Goût
Le couple ne jure que par la biodynamie. Leurs vignes sont traitées quatre à six fois par an au petit-lait, avec différentes tisanes, décoctions et huiles essentielles, «très peu de cuivre et très peu de soufre». Tour du propriétaire
Tout près du ciel, une vigne paradisiaque
Jacques et Marion Granges vivent depuis 40 ans sur un balcon de 6 ha au-dessus de Fully. Rencontre à l’ombre d’un tilleul avec des pionniers de la biodynamie
«J’espère que vous n’avez pas le vertige!» Au téléphone, Marion Granges m’avait prévenu. Pour monter au domaine de Beudon, exploitation viticole de 6 ha perchée au-dessus de Fully, il faut arpenter un chemin escarpé pendant près d’une heure, avec dans certains passages délicats des câbles métalliques qui permettent de s’arrimer à la falaise. Ou alors monter en téléphérique – une cabine de bois qui enjambe le piton rocheux en six minutes chrono. Sous le soleil d’avril, un petit vent avenant invitait à la promenade. J’ai décidé de prendre le chemin des chèvres.

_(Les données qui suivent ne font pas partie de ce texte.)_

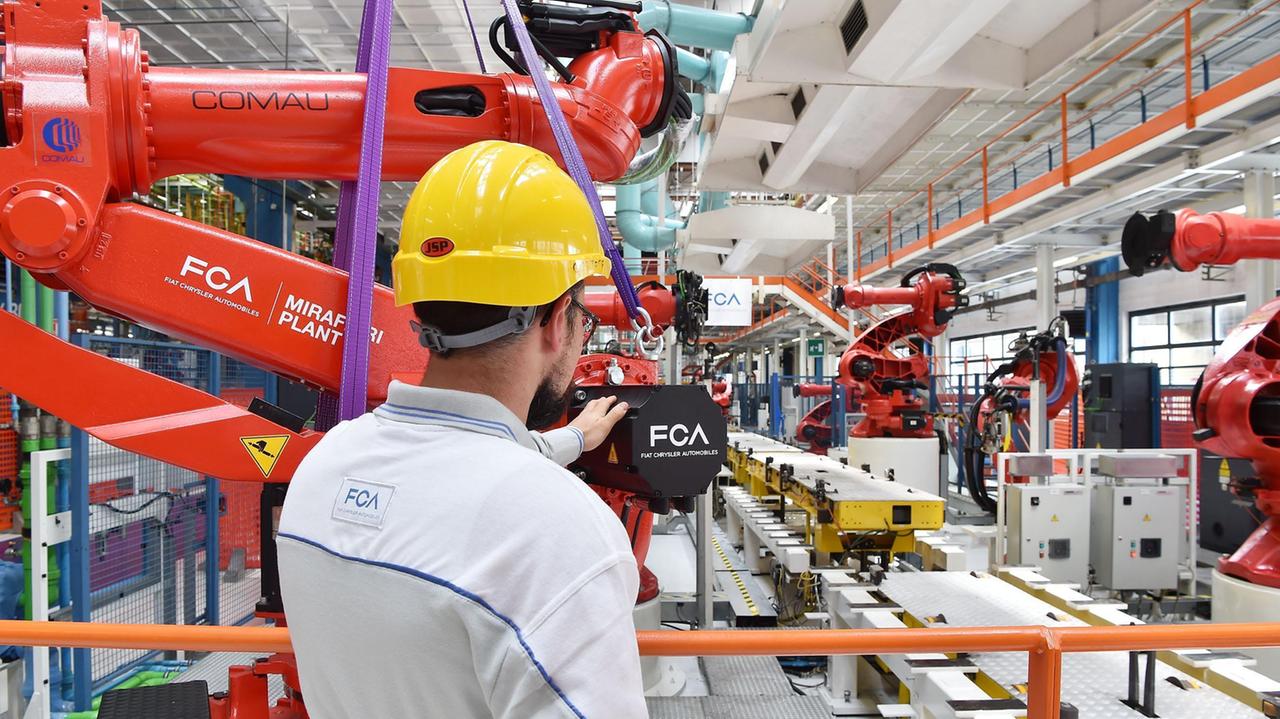 Linea di produzione nello stabilimento Fca di Mirafiori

Après avoir traversé un torrent et avalé un dernier raidillon dans une forêt vibrante, voilà enfin le plateau de Beudon. Situé entre 740 et 890 mètres d’altitude, il constitue le socle verdoyant de la pyramide du Grand Chavalard. Tout autour, des vignes enherbées, souvent en forte pente. Plus haut, juste à côté de l’arrivé du téléphérique, la maison des Granges. Un dernier coup de jarret et on y est, le front en sueur. Marion et Jacques Granges m’accueillent en souriant. «C’est une belle balade, n’est-ce pas, s’enquiert la maîtresse des lieux. Au printemps, quand la nature reprend ses droits, c’est magnifique.»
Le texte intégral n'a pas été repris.